Monday, August 13, 2012

Writing for Children

by Carol Mitchell

Writers of children’s books have the best job. Perhaps I am biased; my foray into writing has been through the Caribbean Adventure Series, a series of books aimed at 8 to 12 year olds. However, I think that we definitely have more fun!

In the first place, we are writing for an audience that finds it easy to suspend disbelief. Fiction authors must often write in a way that makes their readers let go of their preconceptions and believe the unbelievable. This comes naturally for children who are not yet bogged down by knowledge of the constraints of physics, biology, mathematics, geography and politics. They are willing to accept it all. Talking animals? Flying elephants? Why not?

I’ll give you an example. In the Caribbean Adventure Series, the main protagonist is a monkey. In the second book, he stows away on an airplane. Most adult readers asked me “How could he get through security?” The children accepted this without question – the monkey travels through time, airport security is a piece of cake!

Another advantage that children’s writers have is the ability to write with imaginative abandon. When I was in school, I was taught that you needed to have a story planned completely before you started writing. However, when I began the Caribbean Adventure Series, I never knew how the books would end until they ended. I thought that this method of writing was unorthodox, until I read that Enid Blyton, an English writer of great acclaim, had the same technique. Now, I am in the process of writing my first novel and I find that to write about adult’s life, I need to be more structured in my thinking and develop the book fully before really beginning to write the meat of the story.

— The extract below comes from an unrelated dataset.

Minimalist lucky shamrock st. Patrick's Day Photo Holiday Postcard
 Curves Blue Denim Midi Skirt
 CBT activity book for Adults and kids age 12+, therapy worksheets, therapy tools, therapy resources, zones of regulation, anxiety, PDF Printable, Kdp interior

Children’s writers do face challenges that their counterparts with a more mature audience do not. Since our books are usually about children in the same age group as our readers, they do not have a long history that can be woven into the story to develop their character. We are forced to use the way that they interact with other characters to reveal information about them. In the Caribbean Adventure Series, for example, I ended up using two children to enable the reader to fully understand my main human character.

Finally, to quote Spiderman (I am a writer of children’s books, who else would I quote?) “With great power comes great responsibility.” We address a very impressionable audience and I believe that writers of children’s books need to use this medium to send very positive messages to our future generation about responsibility, morality and the triumph of good over evil.

Carol Mitchell


Charles Gramlich said...

I strongly disagree, at least for me, in having a story or book all planned out before you begin. It just doesn't work for me. I need the fun of discovery in that first draft myself or I can't go on.

William Doonan said...


You're very brave! The scary part, for me, about trying to write for children is hitting that zone where you're neither talking down nor being too complex. I think we often underestimate children's intelligence. This has always been a hard one for me.

Liane Spicer said...

William, the post is Carol's, not mine. I posted it for her as she was unable to. I leave children's fiction severely alone.

I usually draft an outline and modify it as I go along, but I have one WIP for which I'm breaking all my rules. I wrote one third with no outline, then did a rough outline, I'm skipping back and forth in time, and I have only a faint notion of what the finished story will look like. I have to admit it's exciting.

John Brantingham said...

The way that we write is individual as our learning styles. We outline or not based on what sparks that thing inside ourselves that loves writing!

I like her take on children's writing though. Children and surrealists are the best audiences.

G. B. Miller said...

I find it difficult to go from one medium (adult fiction) to another (children's/YA). Most of my writing life (6 years) has been spent writing adult fiction of varying degrees of explicitness, and only once did I write a G-rated short story (challenged myself one year, wrote it in one week and got it published two years later).

For whatever reason, I simply can't retool my writing down to an age level that is less than my son's age (19).

Which right now presents a terrifying delimma for me. While my 11 year old daughter is very proud of her dad having a book published later this year, she has been gently pestering me to write something geared towards her age bracket.

I'm guessing its so that she can show something off to her classmates.

But for me, it's making me grind to a halt as I'm torn between telling my daughter, "Okay, let me see what I can do" and "I don't think so sweetie."


Jewel Amethyst said...

G. B., let her write it with you. I did that with my 8 (now 9) year old daughter. wonderful exercise. Jury is still out on the publishing part.